À ce trio, il faudrait évidemment ajouter le nom de Nassuf Djailani. Né à Mayotte en 1981, il a poursuivi sa scolarité en France où il réside, ce qui ne l’empêche en rien de s’inquiéter du sort de son archipel. Ces préoccupations et ses valeurs métisses lui ont inspiré un recueil de poèmes, Naître ici, publié en 2019 par les très belles éditions Bruno Doucet et lauréat du Prix Fetkann Maryse Condé en 2020. Ces textes ne représentent que la partie émergée de l’iceberg, Nassuf Djailani est en effet l’auteur d’une dizaine de titres parus chez L’Harmattan (Se résoudre à filer vers le Sud, 2012), au Passage(s) (Bob, 2016) et surtout chez Komedit (Roucoulement, 2013, Comorian Vertigo, 2017, etc.). Son ensemble de nouvelles au titre somptueux, L’Irrésistible nécessité de mordre dans une mangue (2020), offre la chance rare de découvrir Mayotte par ses yeux.

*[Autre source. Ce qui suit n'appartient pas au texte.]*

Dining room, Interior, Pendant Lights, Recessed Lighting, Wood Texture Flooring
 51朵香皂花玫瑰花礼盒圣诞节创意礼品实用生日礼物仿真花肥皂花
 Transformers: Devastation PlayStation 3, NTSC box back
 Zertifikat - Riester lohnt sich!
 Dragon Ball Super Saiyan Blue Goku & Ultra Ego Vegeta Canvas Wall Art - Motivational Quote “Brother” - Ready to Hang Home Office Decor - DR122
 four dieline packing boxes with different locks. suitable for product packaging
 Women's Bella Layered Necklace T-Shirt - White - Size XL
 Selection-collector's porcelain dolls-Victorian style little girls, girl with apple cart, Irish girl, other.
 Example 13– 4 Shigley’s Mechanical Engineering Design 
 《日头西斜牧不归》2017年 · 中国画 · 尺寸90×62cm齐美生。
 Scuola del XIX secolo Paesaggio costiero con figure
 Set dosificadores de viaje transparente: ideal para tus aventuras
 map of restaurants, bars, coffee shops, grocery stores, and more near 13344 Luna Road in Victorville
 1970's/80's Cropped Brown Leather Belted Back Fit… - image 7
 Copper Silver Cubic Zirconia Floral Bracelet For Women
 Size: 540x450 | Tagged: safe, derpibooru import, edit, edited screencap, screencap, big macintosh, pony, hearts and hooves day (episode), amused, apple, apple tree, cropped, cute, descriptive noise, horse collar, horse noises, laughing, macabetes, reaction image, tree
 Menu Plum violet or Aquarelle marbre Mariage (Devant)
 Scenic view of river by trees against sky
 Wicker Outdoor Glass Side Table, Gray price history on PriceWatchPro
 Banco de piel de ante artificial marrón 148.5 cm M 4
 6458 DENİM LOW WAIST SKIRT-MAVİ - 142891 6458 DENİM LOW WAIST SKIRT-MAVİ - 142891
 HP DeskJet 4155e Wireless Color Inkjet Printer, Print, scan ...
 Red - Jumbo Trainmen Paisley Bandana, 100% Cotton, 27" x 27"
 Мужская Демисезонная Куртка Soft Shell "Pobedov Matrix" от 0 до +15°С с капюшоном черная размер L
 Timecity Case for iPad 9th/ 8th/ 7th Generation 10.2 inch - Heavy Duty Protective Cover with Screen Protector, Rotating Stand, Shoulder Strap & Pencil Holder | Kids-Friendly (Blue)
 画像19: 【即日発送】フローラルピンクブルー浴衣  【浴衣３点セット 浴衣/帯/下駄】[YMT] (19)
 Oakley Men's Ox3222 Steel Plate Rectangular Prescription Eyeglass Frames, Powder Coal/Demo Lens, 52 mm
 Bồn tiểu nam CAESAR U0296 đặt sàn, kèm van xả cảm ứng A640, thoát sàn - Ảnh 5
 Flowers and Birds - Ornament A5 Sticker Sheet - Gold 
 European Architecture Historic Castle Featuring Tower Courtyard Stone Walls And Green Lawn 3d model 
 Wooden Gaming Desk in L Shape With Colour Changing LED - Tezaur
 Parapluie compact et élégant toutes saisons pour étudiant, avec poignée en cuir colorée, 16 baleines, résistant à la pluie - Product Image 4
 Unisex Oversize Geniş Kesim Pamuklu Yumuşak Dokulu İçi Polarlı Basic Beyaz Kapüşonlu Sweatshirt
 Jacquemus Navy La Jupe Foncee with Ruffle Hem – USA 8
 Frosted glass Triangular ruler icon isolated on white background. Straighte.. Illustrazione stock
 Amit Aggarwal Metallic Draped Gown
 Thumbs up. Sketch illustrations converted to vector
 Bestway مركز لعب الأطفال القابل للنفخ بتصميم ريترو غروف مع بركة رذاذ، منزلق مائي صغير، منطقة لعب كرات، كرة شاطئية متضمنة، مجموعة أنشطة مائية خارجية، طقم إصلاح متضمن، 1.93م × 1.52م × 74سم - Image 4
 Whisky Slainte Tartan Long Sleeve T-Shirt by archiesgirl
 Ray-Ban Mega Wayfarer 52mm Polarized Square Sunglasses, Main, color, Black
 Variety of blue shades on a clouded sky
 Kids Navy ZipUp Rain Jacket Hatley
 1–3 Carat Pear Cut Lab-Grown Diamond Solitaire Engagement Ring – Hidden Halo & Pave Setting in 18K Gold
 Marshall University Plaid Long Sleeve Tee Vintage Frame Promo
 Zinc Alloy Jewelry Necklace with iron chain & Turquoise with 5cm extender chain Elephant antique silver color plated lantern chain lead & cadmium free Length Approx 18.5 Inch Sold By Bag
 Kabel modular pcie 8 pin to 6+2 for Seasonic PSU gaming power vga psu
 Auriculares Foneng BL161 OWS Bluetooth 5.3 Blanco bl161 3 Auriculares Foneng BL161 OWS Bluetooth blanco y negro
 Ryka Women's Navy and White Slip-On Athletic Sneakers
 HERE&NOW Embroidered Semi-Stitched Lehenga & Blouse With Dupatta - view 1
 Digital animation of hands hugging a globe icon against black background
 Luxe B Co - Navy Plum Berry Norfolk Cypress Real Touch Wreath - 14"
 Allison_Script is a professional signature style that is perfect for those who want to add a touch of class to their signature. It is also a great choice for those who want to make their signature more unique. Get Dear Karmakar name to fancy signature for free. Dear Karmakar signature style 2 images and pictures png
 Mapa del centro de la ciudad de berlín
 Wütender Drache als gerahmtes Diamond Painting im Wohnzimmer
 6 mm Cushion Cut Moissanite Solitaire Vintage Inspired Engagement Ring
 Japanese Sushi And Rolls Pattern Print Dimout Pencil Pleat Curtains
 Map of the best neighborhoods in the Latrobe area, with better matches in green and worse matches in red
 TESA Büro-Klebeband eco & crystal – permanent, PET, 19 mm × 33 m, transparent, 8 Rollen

Ce bel élan pris par la littérature mahoraise semble confirmé par la création d’une Agence régionale pour le livre et la lecture en 2015 qui avait initié une résidence à destination des auteurs jeunesse, mais aussi par le lancement en 2017 d’un Salon du Livre et, en 2019, par la naissance d’un Club des écrivains et des amis du livre (CEAL) présidé par Soulaimana Noussoura. Par ailleurs, des ouvrages de références commencent à paraître, à l’exemple de Les Littératures francophones de l’archipel des Comores (Classiques Garnier) qui laisse la part belle à Mayotte et compte au nombre de ses contributeurs Linda Rasoamanana, Buata B. Malela ou encore Rémi A. Tchokothe, et plusieurs sites Internet suivent l’actualité littéraire de près, à l’image de www.revueprojectiles.com ou du blog www.muzdalifahouse.com. Pour conclure, tout en espérant que la crise sanitaire ne freine pas les bonnes volontés et que les efforts entrepris pour amener la nouvelle génération à l’écriture aboutissent, il est en tout cas appréciable de constater que des femmes prennent à leur tour la plume, comme le prouve le concours « Écrire au féminin » coorganisé en 2020 par la DLLP (Direction du livre et de la lecture publique) et par la Délégation régionale des droits des femmes. Si étrangement la lauréate (Yasmina Aouny, avec La Cause) a candidaté sous pseudonyme masculin (Abdoul Fouadi), cela ne peut faire oublier que depuis le début des années 2000, les femmes ont repris le combat des dénonciations des violences dont elles sont victimes, tout d’abord entamé par les hommes. Ainsi, généralement sous couvert de fictions, elles n’hésitent plus à livrer leur histoire, lui accordant une portée universelle et se faisant les porte-parole de la cause féministe. Citons par exemple Laoura Ahmed qui a signé un conte (Le Contenu de la fiole, éditions Société des écrivains, 2006) mais aussi une thèse sur le droit coutumier dans le mariage (La Construction d’un système juridique), Zahara Silahi, Rihana Hamidouna, Séline Soula, Rozette Yssouf, etc.